The alcohol measurements for the brewery (Balling).
The brewery will also play a leading role in the introduction and development of new instruments, some to measure the sugar density of the wort, others to assess the percentage of ethanol contained in beer after fermentation.
The adoption of the saccharometer among brewers follows the same logic as that of the thermometer, with a few years delay. In 1780, the brewer John Richardson (1743~1815) used a hydrometer to measure the sugar content of the wort. He published in York in 1788 The PHILOSOPHICAL PRINCIPLES OF THE SCIENCE OF BREWING; containing THEORETIC HINTS on an improved Practice of BREWING MALT-LIQUORS; ... In addition to the instructions for using a saccharometer, the treaty includes conversion tables to determine the exact quantity of dissolved sugars in the wort according to its temperature. Richardson calls his hydrometer for measuring saccharin (the generic term for sugars at the time) a "saccharometer". In 1800, the saccharometer was quickly adopted by the major brewers who saw it as a way to monitor and improve their brewing processes. The density or gravity of the wort with dissolved sugars was to become a standard measure of the industry.
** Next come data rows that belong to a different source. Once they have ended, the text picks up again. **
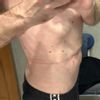 Avis post-liposuccion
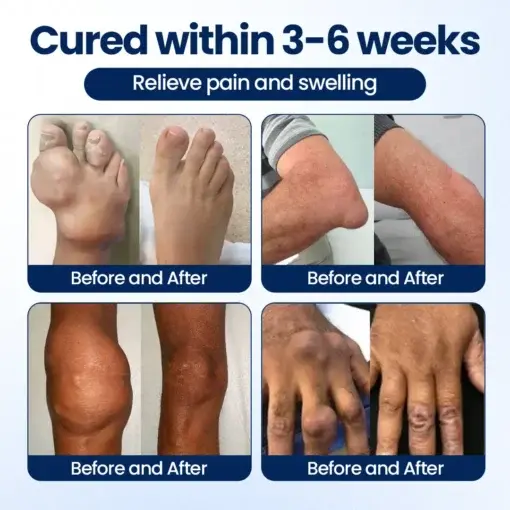 ArthriNAD+ Pro Advanced Joint Recovery Cream - Image 9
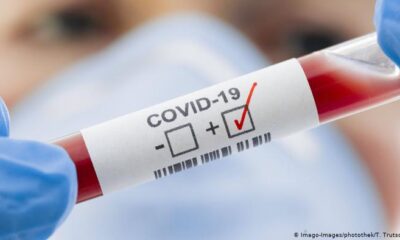 7 Mayıs verileri açıklandı! Covid-19 pandemisinde son durum..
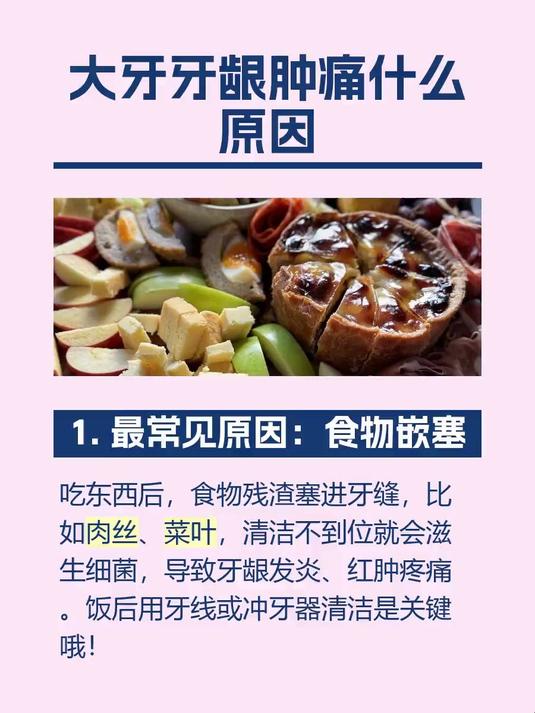 #马上健康过大年#大牙牙龈肿痛什么原因
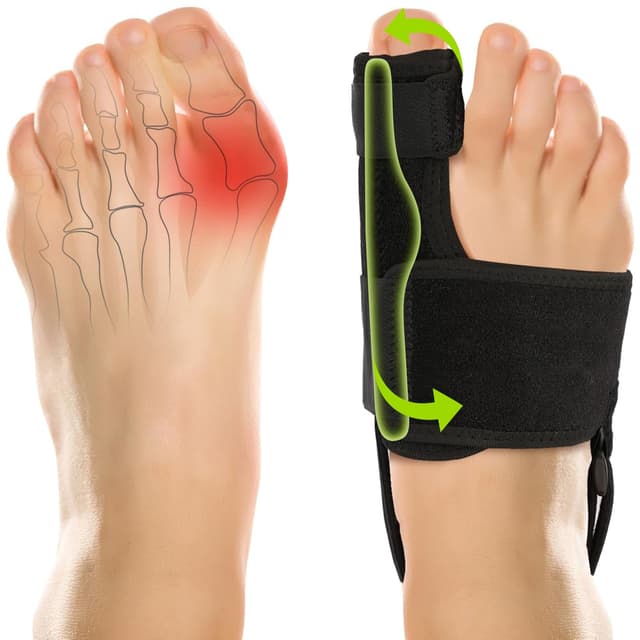 Bunion Corrector für Frauen und Männer: Orthopädische Ballenzwinge - Großzehenrichter - Nicht-chirurgische Korrektur des Hallux Valgus für Tages-/Nachtstütze (2 Stück) schwarz1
A second episode opens immediately. According to Richardson and Baverstock (Treatises on Brewing by the late James Baversock. London 1824), the brewers already wanted to determine the alcohol content of the beer, according to the reading of their saccharometers. As early as 1784, the same Richardson clearly stated the question:
" The attenuation of a given weight of fermentable matter, in any fluid, will produce a certain quantity of spirit, and that equal quantities of attenuated matter, in all fluids, whether of equal or different densities, will produce equal quantities of spirit, without any regard to the proportion which such attenuation may bear to the density of either. " (Statistical Estimates of the Materials of Brewing …, London 1784, 27-28. Quoted by Mikuláš Teich 2005)[1].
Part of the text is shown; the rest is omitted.